After he found a seat he always was careful to put the stub in his wallet. He didn't know why anyone would throw them away. Once you threw them away, the memory would start to vanish. To him the stubs were a catalog of mythic and emotional experience. One reminded him of the time he sat next to two old people who made out all the way from coming attractions to end credits. Another the time an usher caught him and his friends in The Hills Have Eyes when they'd bought tickets to A Prairie Home Companion.

They give the stubs back for a reason.

But it wasn't practical for him to keep them anymore so he put them in his dresser drawer and when he left home for college he dumped the drawer into a box and put it in his parent's attic with the rest of the archive of his youth. He might come back when he bought a house of his own or when his parents died and find the stubs next to the golden souvenir box he got at his senior prom. He might open the box and find his date's corsage, rotten but still fragrant. He might sift through the ticket stubs and remember the movies and the girls and the friends of his adolescence and feel the nostalgia blow through his soul like an autumn breeze.

06 October 2008

My baby is blowing away like gold dust

The doctors told her she had the bones of an 80 year old woman. Her beauty might crumble to the ground like a house all chewed up by termites.

She used to eat leaves and nuts and bamboo shoots and chew gum for the calories but now they had to force the food in her veins. She didn't know how to eat a cheeseburger cause she'd whipped her stomach to stop it from begging. She took laxatives to hurry the food through before her body had a chance to steal any of the nutrients. She was my girl. None of us knew how to stop her. She was dead set on beauty and her bones were disintegrating.

I could always tell they were soft. A lot of people think gold is hard, but when you touch the real thing you can bend it like clay. I'd grab her wrist and it would bow slightly. Sometimes we'd be making it and I thought I might just snap her all to pieces. It was almost macabre. The skin, the muscle clung to her bones like a wet t-shirt. All the tissue was being blown right off her frame.

It seems imaginary. It seems like vanity, and maybe it starts there, but it becomes something else. You feel sorry for kids in Africa with no food, but it's harder to sympathize with some pretty rich bitch whose only problem is that she won't eat a hoagie. All her friends were obsessed with their weight, counting the numbers, watching the scale like stockbrokers watching the ticker. Maybe most women are. Maybe I'd just never been around women before. It was kind of amazing, the way they'd support and deceive each other, reporting that one of them had gotten high and ate a whole pint of ice cream. I didn't understand it, but my girl had a real problem. It was not a choice to her.

Now, would I have loved her if she weighed 300 lbs.? Probably not. 120? Sure.
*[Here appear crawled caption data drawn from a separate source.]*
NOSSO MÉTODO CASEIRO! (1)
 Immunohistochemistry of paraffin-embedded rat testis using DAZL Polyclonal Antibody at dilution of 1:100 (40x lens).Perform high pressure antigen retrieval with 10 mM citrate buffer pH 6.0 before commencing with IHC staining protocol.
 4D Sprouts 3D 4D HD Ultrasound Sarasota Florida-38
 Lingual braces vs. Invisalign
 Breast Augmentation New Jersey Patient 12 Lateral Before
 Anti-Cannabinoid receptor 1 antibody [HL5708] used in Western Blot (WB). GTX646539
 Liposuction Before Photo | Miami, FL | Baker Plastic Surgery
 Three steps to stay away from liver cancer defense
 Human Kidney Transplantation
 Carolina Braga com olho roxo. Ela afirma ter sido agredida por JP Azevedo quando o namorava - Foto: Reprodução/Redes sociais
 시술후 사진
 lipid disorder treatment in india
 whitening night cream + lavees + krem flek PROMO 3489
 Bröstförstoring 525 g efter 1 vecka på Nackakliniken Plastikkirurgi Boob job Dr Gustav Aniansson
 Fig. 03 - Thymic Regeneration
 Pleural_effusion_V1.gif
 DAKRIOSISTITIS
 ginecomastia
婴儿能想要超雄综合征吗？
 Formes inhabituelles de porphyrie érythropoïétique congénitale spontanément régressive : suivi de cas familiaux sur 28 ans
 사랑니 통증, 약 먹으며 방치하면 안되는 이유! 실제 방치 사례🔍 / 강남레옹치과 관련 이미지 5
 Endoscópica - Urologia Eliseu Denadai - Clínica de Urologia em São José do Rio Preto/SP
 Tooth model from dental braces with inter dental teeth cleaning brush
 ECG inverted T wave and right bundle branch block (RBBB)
Skinny girls can look pretty fucking good, but I've been with skinny girls, real thoroughbreds, and they look a lot better than they feel. It is slightly awesome to touch a firm, beautifully toned ass, but when you can pick up a girl and throw her on the bed, I don't know, it's too easy. I want a girl I've got to fight a little. I don't want to touch a girl whose spine pokes through her back like a fucking stegosaurus.

People are attracted to strength, to rarity. It's easy to eat cheeseburgers and not exercise and that's why nobody wants to fuck those people. It's harder for a girl to be thin, and it's damn near impossible for a girl to be thin and have the fat blubber up in her tits and ass. That's why those chicks are desirable. It's Darwin. It's science. Lydia was becoming too rare. When animals get too rare, they go extinct.